I have a large stata file that I think has some French accented characters that have been saved poorly.

When I import the file with the encoding set to blank, it won't read in. When I set it to latin1 it will read in, but in one variable, and I'm certain in others, French accented characters are not rendered properly. I had a similar problem with another stata file and I tried to apply the fix (which actually did not work in that case, but seems on point) here.

To be honest this seems to be the real problem here somehow. A lot of the garbled characters are "actual" and they match up to what is "expected" But I have no idea to go back.

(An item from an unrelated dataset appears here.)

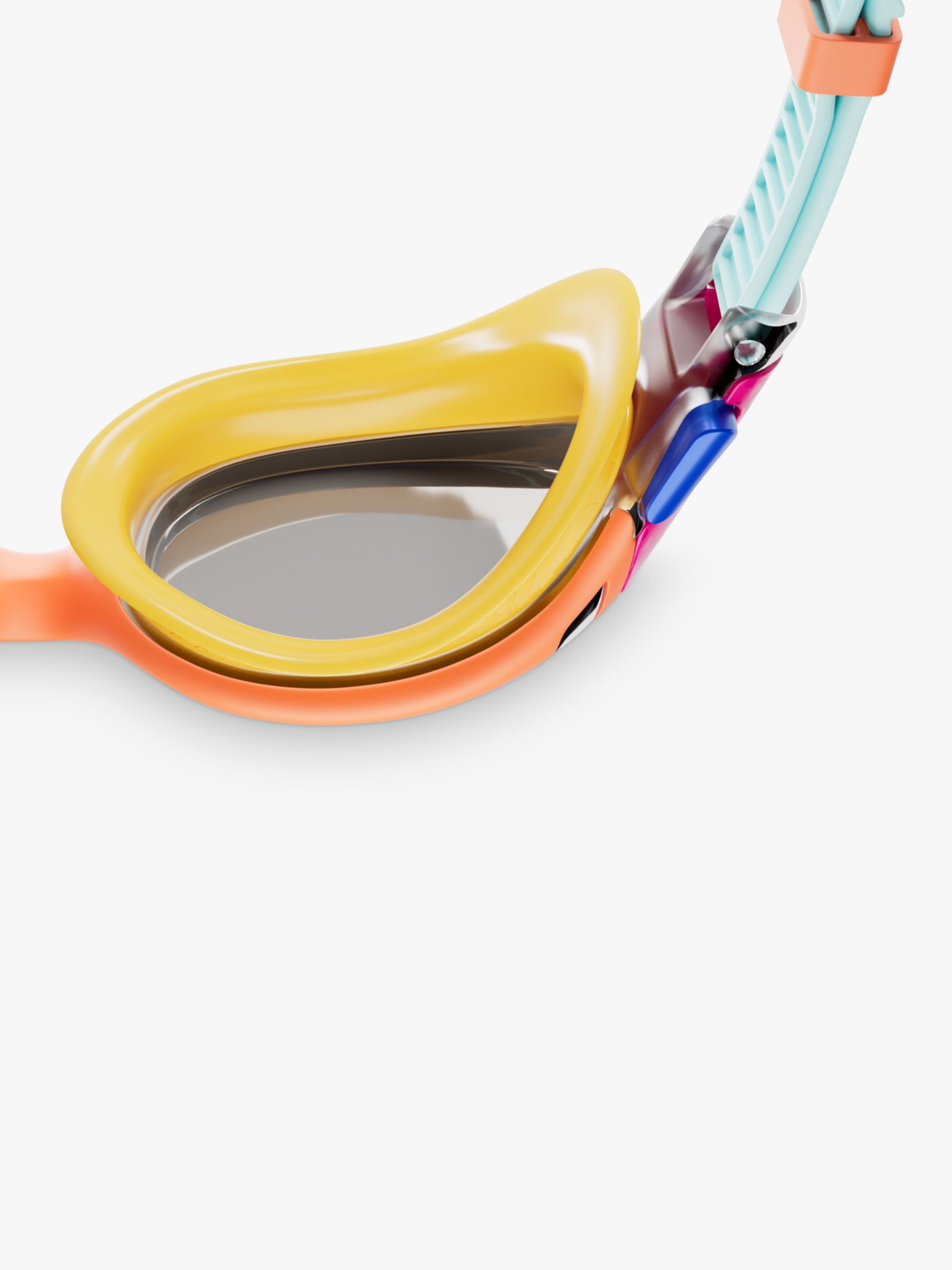 Buy Speedo Kids' Biofuse 2.0 Mirror Junior Swimming Goggles, Cobalt Pop Online at johnlewis.com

Reproducible code is here:


library(haven)
library(here)
library(tidyverse)
library(labelled)
#Download file
temp <- tempfile()
temp2 <- tempfile()

download.file("https://github.com/sjkiss/Occupation_Recode/raw/main/Data/CES-E-2019-online_F1.dta.zip", temp)
unzip(zipfile = temp, exdir = temp2)
ces19web <- read_dta(file.path(temp2, "CES-E-2019-online_F1.dta"), encoding="latin1")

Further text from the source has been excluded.